Social or cultural barriers
A rigid hierarchy and ineffective motivation can be attributed to social or cultural barriers, such problems prevent the inclusion of the right people in the process. To avoid such a situation, Petrobras, the largest Brazilian oil company, investigated cases of collision with such problems in its past, in order to clearly reflect the company's values, the processes occurring in it, and the norms of relations. New workers are gathered into small groups and hold discussions with them about such incidents, contributing to a better understanding of how the organization works and promoting ideas for sharing knowledge and solving problems together. In order to benefit from such practices, it is necessary to include the exchange of knowledge in performance reviews and make sure that the leaders of teams during the reporting to the rest of the time in which information should be transmitted in the form of a report. The practical communities that have been described above can also help with this: it is easier for employees to submit the necessary information in a timely manner.

Contextual barriers
Employees who are confronted with contextual barriers struggle to distribute and adapt the knowledge gained from colleagues working in various fields. Complex interactions often require contacts with people from different departments and divisions, which makes it difficult for employees to determine the expert level of their colleagues or to apply the advice received from them. Recall the problem of misunderstanding that often arises between the sales department and the development team about the customer card. This occurs because they speak different languages ​​and differently perceive the subject or topic of conversation (the sales staff pays attention to understanding the interests of the consumer, and the developers focus on the technical characteristics). To overcome the contextual barrier, companies can create a kind of employee circulation between teams and departments, during which specialists from different areas can begin to better understand colleagues from related departments and learn a little more about their work. For example, NASA holds a “Masters Forum” twice a year so that employees share their knowledge with each other. About 50 employees from different departments of the organization attend these meetings, where they learn about the various tools, methods and skills that are used to work on complex multilateral projects. Such forums are slightly moderated and very interactive.
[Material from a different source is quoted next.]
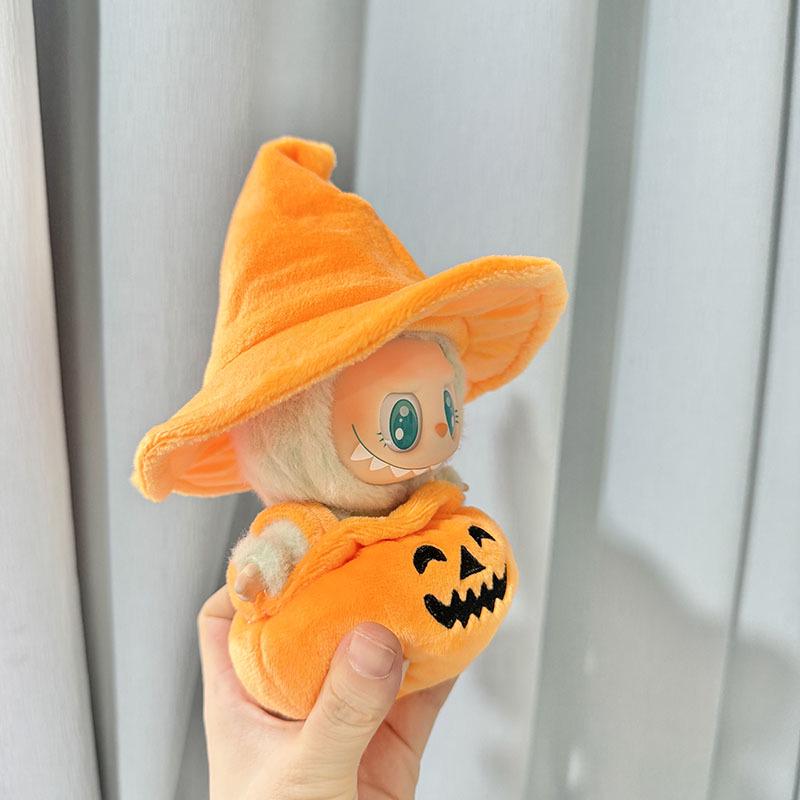 [Only Clothes] Labubu Halloween Bat & Pumpkin Keychain Set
Similarly, managers from Ekopetrol, a Colombian oil and gas company, have found that special forums not only break down natural barriers between professions, but also facilitate knowledge sharing across geographical boundaries. Moreover, thanks to such forums, trust arises, which contributes to a freer and more relaxed exchange of information.

Temporary barriers
The last barrier is time, or even a sense of its lack. If valuable interactions become victims of time constraints, managers can redeploy positions and responsibilities so that employees understand who they should work with and what intellectual workers should work on. In some cases, companies may have to clarify who exactly has the right to make decisions, as well as reassign roles in order to relieve the communication burden from one employee to another.
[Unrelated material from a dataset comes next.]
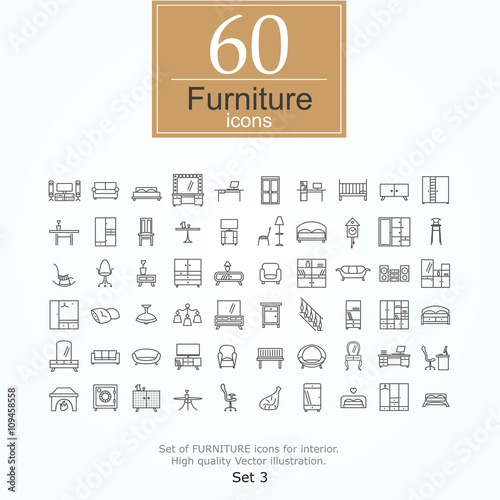 60 furniture icons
The Boston-based Millennium Pharmaceuticals, which develops a cancer drug, did just that. When they discovered that the researchers did not have time to share the results of their experiments, they created a small group of scientists who became “knowledge mediators”. Based on meetings with drug developers, as well as on the presentations they demonstrate, these employees summarize the information and enter it into the internal database. In addition, they act as intermediaries, sharing knowledge among different research groups. The company believes that this practice, coupled with others, has increased the success of the company's research and reduced the time required for making key decisions.